___ DATASET EXCERPTS ___
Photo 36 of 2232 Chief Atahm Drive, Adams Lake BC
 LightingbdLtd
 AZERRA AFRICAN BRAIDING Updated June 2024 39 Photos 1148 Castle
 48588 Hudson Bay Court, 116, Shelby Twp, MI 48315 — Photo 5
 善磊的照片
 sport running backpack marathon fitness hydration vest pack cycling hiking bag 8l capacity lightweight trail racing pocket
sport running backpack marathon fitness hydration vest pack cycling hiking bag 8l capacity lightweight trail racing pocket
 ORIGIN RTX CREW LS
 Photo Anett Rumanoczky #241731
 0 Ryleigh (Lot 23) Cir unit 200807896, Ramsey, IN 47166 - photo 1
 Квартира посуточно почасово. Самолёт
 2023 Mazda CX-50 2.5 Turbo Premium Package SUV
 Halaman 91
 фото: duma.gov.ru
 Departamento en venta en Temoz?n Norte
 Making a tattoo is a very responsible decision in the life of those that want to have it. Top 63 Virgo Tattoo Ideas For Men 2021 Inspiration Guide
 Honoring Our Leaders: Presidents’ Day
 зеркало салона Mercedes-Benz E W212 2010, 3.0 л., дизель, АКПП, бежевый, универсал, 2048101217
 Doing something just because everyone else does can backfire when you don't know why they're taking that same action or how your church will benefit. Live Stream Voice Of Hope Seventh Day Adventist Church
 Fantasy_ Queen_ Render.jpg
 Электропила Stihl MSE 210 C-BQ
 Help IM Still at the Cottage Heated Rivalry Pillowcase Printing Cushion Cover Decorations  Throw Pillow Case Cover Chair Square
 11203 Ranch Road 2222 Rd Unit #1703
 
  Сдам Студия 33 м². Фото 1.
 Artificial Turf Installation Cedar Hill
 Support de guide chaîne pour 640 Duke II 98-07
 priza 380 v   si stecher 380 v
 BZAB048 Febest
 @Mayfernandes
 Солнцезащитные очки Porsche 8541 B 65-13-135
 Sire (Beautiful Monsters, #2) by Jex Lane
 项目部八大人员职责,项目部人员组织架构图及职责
___
**WHAT YOU HAVE TO DO**
The reply should restate the records above in full, character for character.

**RESULT OF THIS TASK**
Photo 36 of 2232 Chief Atahm Drive, Adams Lake BC
 LightingbdLtd
 AZERRA AFRICAN BRAIDING Updated June 2024 39 Photos 1148 Castle
 48588 Hudson Bay Court, 116, Shelby Twp, MI 48315 — Photo 5
 善磊的照片
 sport running backpack marathon fitness hydration vest pack cycling hiking bag 8l capacity lightweight trail racing pocket
sport running backpack marathon fitness hydration vest pack cycling hiking bag 8l capacity lightweight trail racing pocket
 ORIGIN RTX CREW LS
 Photo Anett Rumanoczky #241731
 0 Ryleigh (Lot 23) Cir unit 200807896, Ramsey, IN 47166 - photo 1
 Квартира посуточно почасово. Самолёт
 2023 Mazda CX-50 2.5 Turbo Premium Package SUV
 Halaman 91
 фото: duma.gov.ru
 Departamento en venta en Temoz?n Norte
 Making a tattoo is a very responsible decision in the life of those that want to have it. Top 63 Virgo Tattoo Ideas For Men 2021 Inspiration Guide
 Honoring Our Leaders: Presidents’ Day
 зеркало салона Mercedes-Benz E W212 2010, 3.0 л., дизель, АКПП, бежевый, универсал, 2048101217
 Doing something just because everyone else does can backfire when you don't know why they're taking that same action or how your church will benefit. Live Stream Voice Of Hope Seventh Day Adventist Church
 Fantasy_ Queen_ Render.jpg
 Электропила Stihl MSE 210 C-BQ
 Help IM Still at the Cottage Heated Rivalry Pillowcase Printing Cushion Cover Decorations  Throw Pillow Case Cover Chair Square
 11203 Ranch Road 2222 Rd Unit #1703
 
  Сдам Студия 33 м². Фото 1.
 Artificial Turf Installation Cedar Hill
 Support de guide chaîne pour 640 Duke II 98-07
 priza 380 v   si stecher 380 v
 BZAB048 Febest
 @Mayfernandes
 Солнцезащитные очки Porsche 8541 B 65-13-135
 Sire (Beautiful Monsters, #2) by Jex Lane
 项目部八大人员职责,项目部人员组织架构图及职责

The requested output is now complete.